Chevron will acquire Hess for $53 billion in new oil megadeal days after Exxon announces buy of shale giant Pioneer

Chevron Corp. agreed to buy Hess Corp. for $53 billion, the latest major US oil takeover as the industry bets on an enduring future for fossil fuels. 

In an all-stock transaction, Chevron will pay $171 per share for Hess, a premium of about 10%, according to a statement from the companies on Monday. Hess shareholders will receive 1.025 shares of Chevron for each Hess share, giving the company a total enterprise value of $60 billion, including debt. 

This is the second major deal in the US oil industry in just a few weeks. Exxon Mobil Corp. has agreed to buy shale-oil producer Pioneer Natural Resources Co. for $58 billion, underpinning a bet that oil and gas will remain central to the world’s energy mix for decades to come. Chevron said the acquisition will deliver faster growth and more generous returns to investors.

“This combination positions Chevron to strengthen our long-term performance and further enhance our advantaged portfolio by adding world-class assets,” Chairman and Chief Executive Officer Mike Wirth said in the statement. 

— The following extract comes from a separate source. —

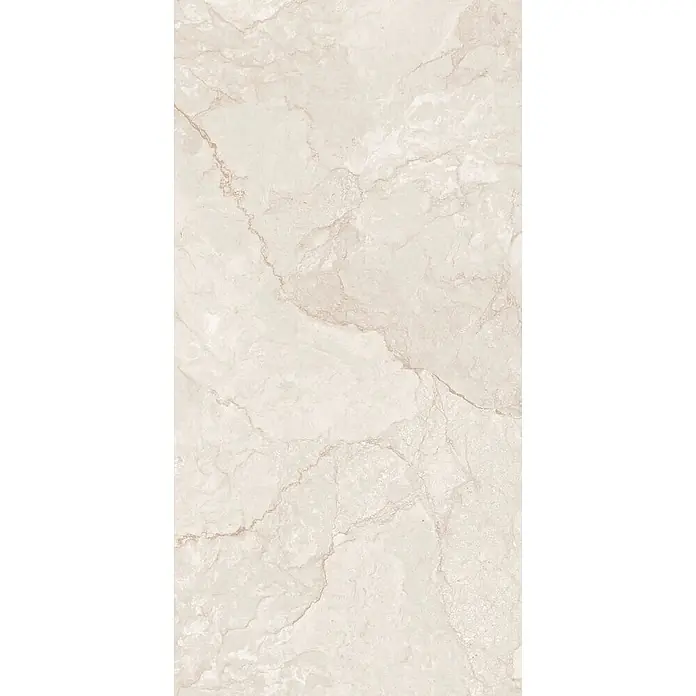 Feinsteinzeugfliese BRENTA CREAM – 60 x 120 cm, Marmoroptik, Matt -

The acquisition will give Chevron 30% ownership of more than 11 billion barrels equivalent of recoverable resources in Guyana, one of the world’s major new oil producers with a strong growth outlook, according to the statement. It also adds acreage in the Bakken shale formation and Gulf of Mexico to the company’s portfolio. 

The deal will boost Chevron’s estimated five-year production and free cash flow growth rates and extend them into the next decade, according to the statement. Returns to investors will also get a lift, with the company expecting to recommend an 8% increase in its first-quarter dividend in January, and a further $2.5 billion of share buybacks once the deal has closed. 

The transaction has been unanimously approved by the boards of both companies and should close in the first half of 2024, according to the statement. It is subject to approval from Hess shareholders, regulators and other customary closing conditions.